Timelines and the Storage Model

Stable

Why durable database state in SPG99 does not depend on the local compute disk and how soft basebackup changes the storage model on the pod.

Updated: March 21, 2026

In SPG99, the durable state of a database lives not in the local PGDATA of a specific compute instance, but in the platform storage chain.

What the durable model consists of

Three key layers work around the database:

  • Safekeeper — accepts WAL and provides reliability through quorum;
  • Pageserver — serves bootstrap, data history, and remote read-through;
  • Object Storage — stores the manifest, layers, and related storage artifacts.

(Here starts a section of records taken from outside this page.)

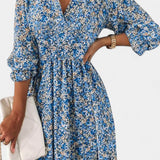 Benicia Vestido Floral de Manga Abullonada con Dobladillo Juguetón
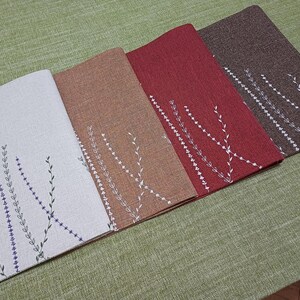 Embroidered Country Style Placemats - Cream, Red, and Brown Linen Look Fabric with Wildflowers Pattern image 4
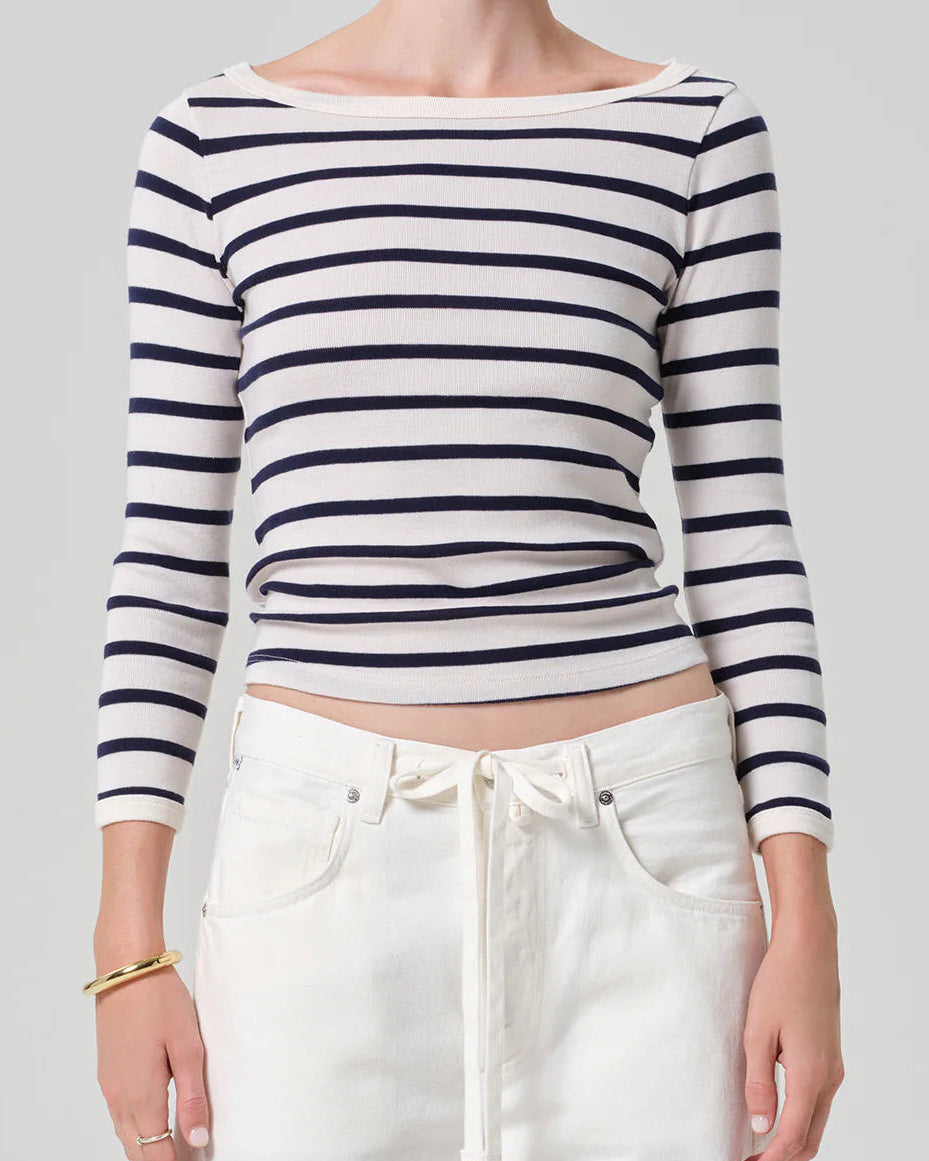 Citizens of Humanity Boat Neck Slim Tee | Azure Stripe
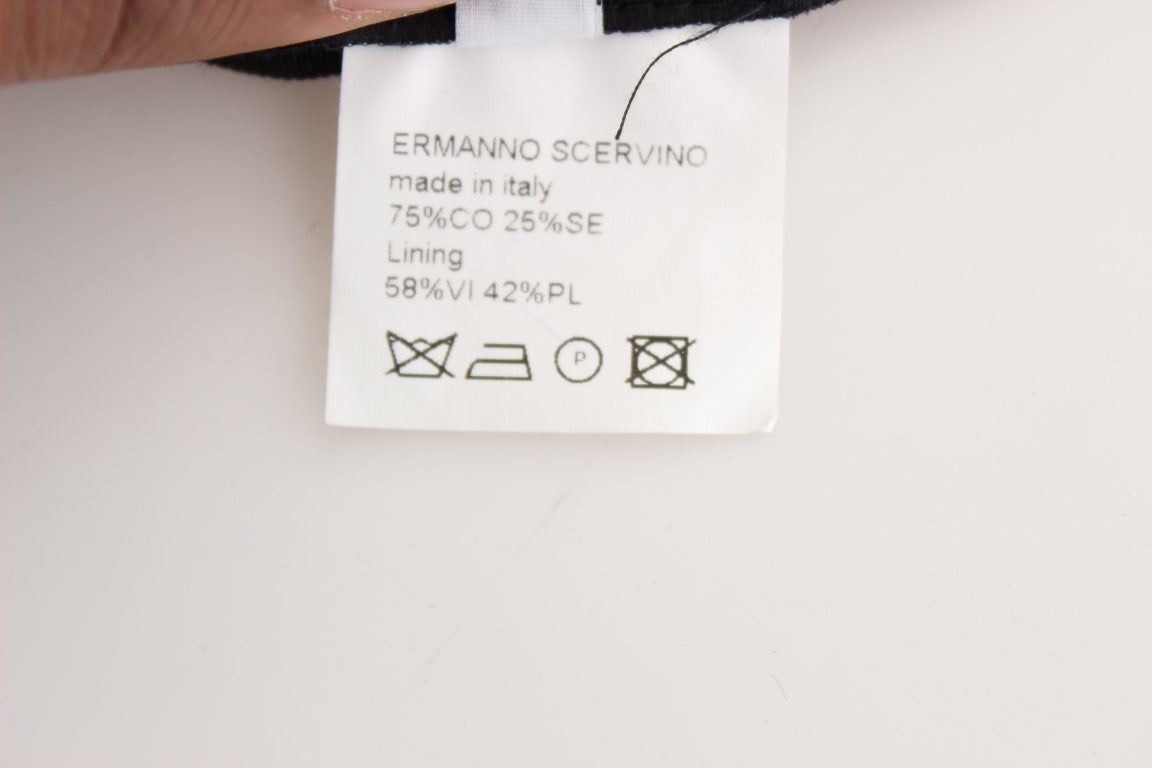 Ermanno Scervino Black Striped Cotton Blend Wide Legs Pants Ermanno Scervino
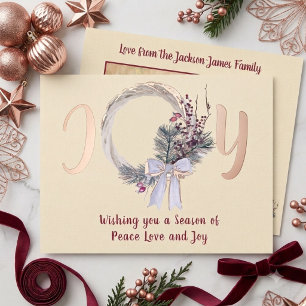 Tarjeta Festiva Con Relieve Metalizado Corona de Navidad elegante Joy Navidad Rosa Oro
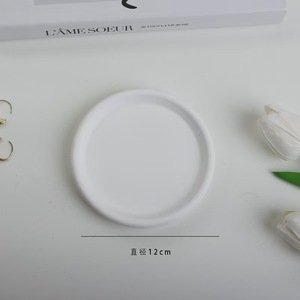 Plateau en ciment décoratif en céramique et résine carré et rond pour rangement de bureau porte-bijoux plateau décoratif en béton - Product Image 1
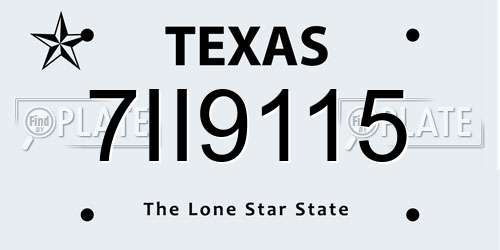 7II9115 Texas License Plate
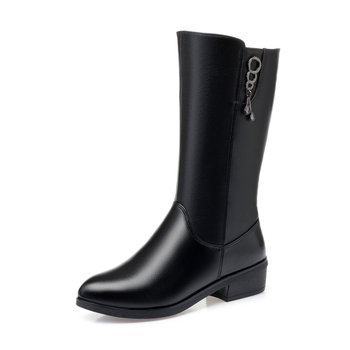 Udobne čizme za snijeg, ženske krznene jednodijelne čizme, mekane kožne ravne vunene čizme srednje veličine, ženske cipele s flis podstavom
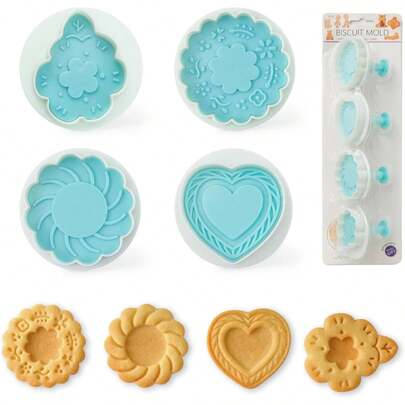 Cookie Stamps Set Of 4, Cookie Press, Decorating Supplies Baking, Cake, Pastry, Easy To Use-Flower Heart
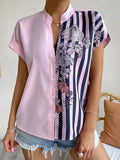 Short Sleeve Printed V-neck Blouse with Buttons Silver Sam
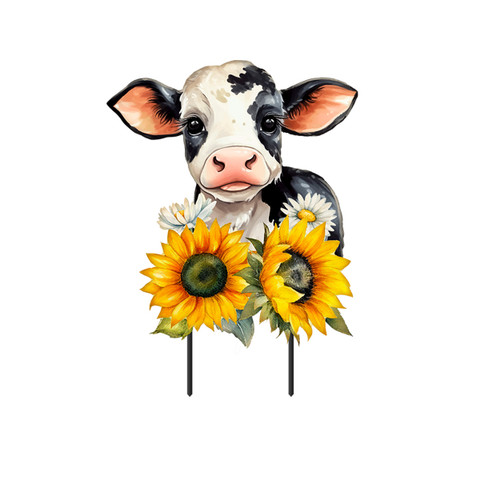 Cute cow metal art with sunflowers, black and white cow face with pink nose and ears.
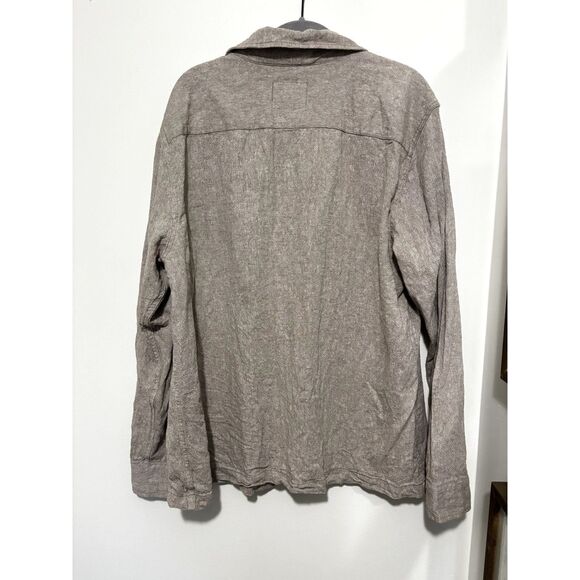 Rails Linen Cotton Button Down Shirt Jacket XL Neutral Shacket Minimalist Chic - Picture 3 of 8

Together, they form the durable foundation of the database.

What changed on the pod

In the new model, the pod no longer keeps “almost all user files,” but only the minimal data needed to start PostgreSQL quickly.

In practice, this means:

  • startup goes through soft basebackup;
  • system catalogs and relmap are materialized locally;
  • user relation files do not have to exist locally in full;
  • on a local miss, Compute fetches the required pages through Pageserver;
  • the local disk works as a write-back cache, not as the main storage volume.

The role of compute in this model

Compute is needed for SQL execution, but its local PGDATA is a working layer:

  • it accelerates hot work;
  • it can be rebuilt;
  • it is not the only durable copy of the database.

That is why losing a pod/worker or recreating Compute does not equal data loss, as long as the storage chain is healthy.

What a timeline is

A timeline is the durable history of the database state. At the user level, two things matter:

  • the database is bound to its own timeline;
  • a new writer starts for a specific timeline, not “from scratch.”

Why this scheme is reliable and fast

The main write guarantee in SPG99 is WAL quorum in Safekeeper. That is exactly why the serverless model does not turn into “unreliable ephemeral PostgreSQL.”

And speed is achieved because:

  • the pod starts from a thin startup image;
  • there is no need to pull an unnecessary local user-data layer;
  • Pageserver serves lazy read-through of data;
  • the write-back cache keeps hot work fast.

What this means for the user

  • stopped compute does not mean a lost database;
  • compute can be started and stopped quickly;
  • reliability is built deeper than the level of one worker;
  • the pod now stores only what is truly needed for a fast PostgreSQL startup.